• [WORK TO COMPLETE] Restate all of the following data exactly, keeping any images out of the copy.

• [DATASET EXCERPT]
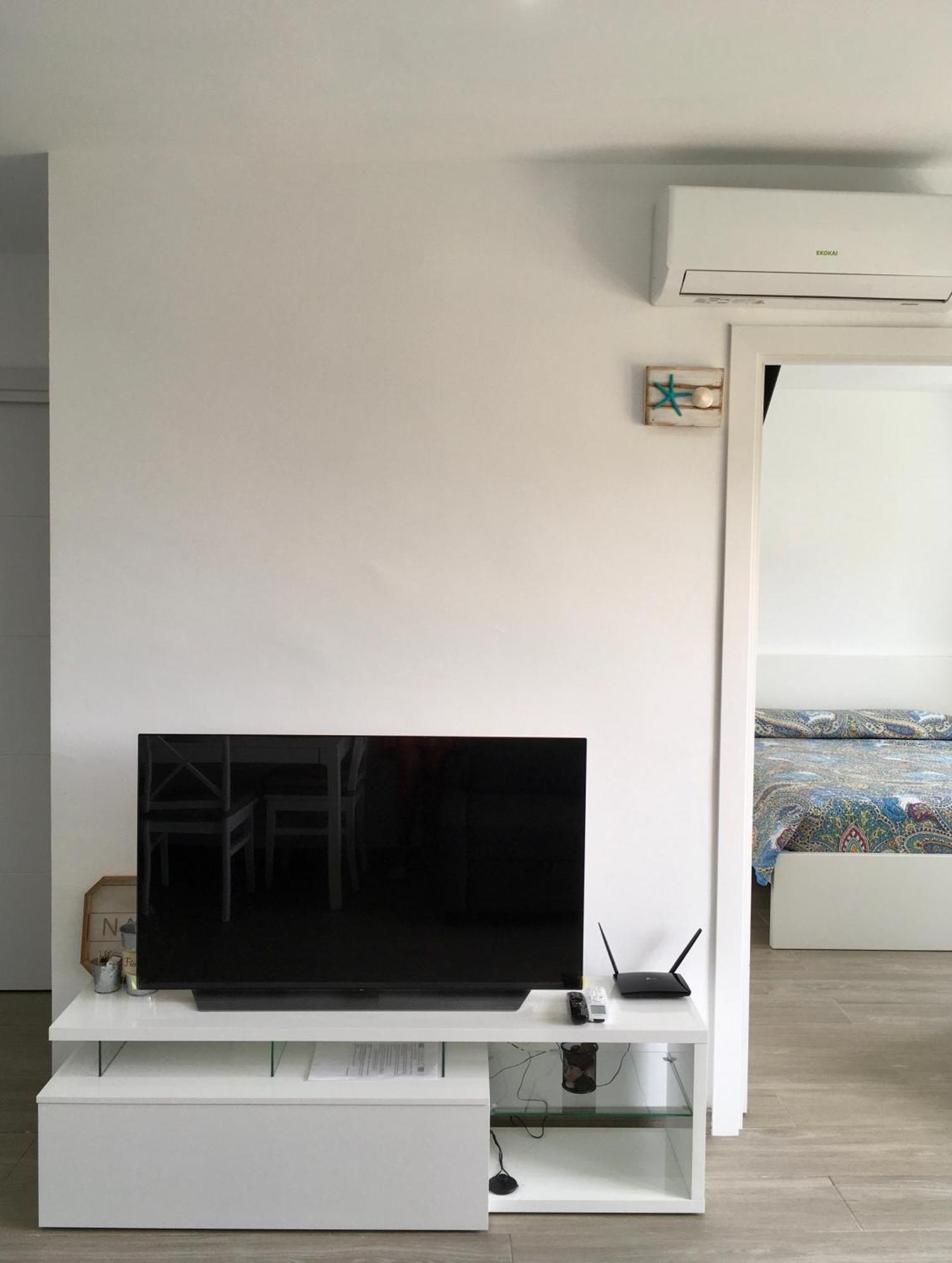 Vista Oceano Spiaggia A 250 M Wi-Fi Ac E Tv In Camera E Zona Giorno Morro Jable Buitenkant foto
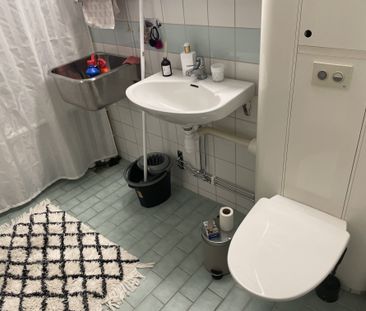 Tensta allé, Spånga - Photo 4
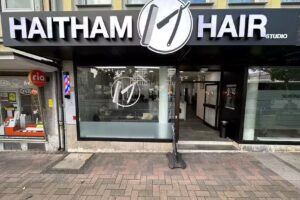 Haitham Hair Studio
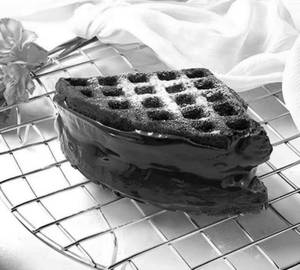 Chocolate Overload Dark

• [RESULT OF THIS TASK]
 Vista Oceano Spiaggia A 250 M Wi-Fi Ac E Tv In Camera E Zona Giorno Morro Jable Buitenkant foto
 Tensta allé, Spånga - Photo 4
 Haitham Hair Studio
 Chocolate Overload Dark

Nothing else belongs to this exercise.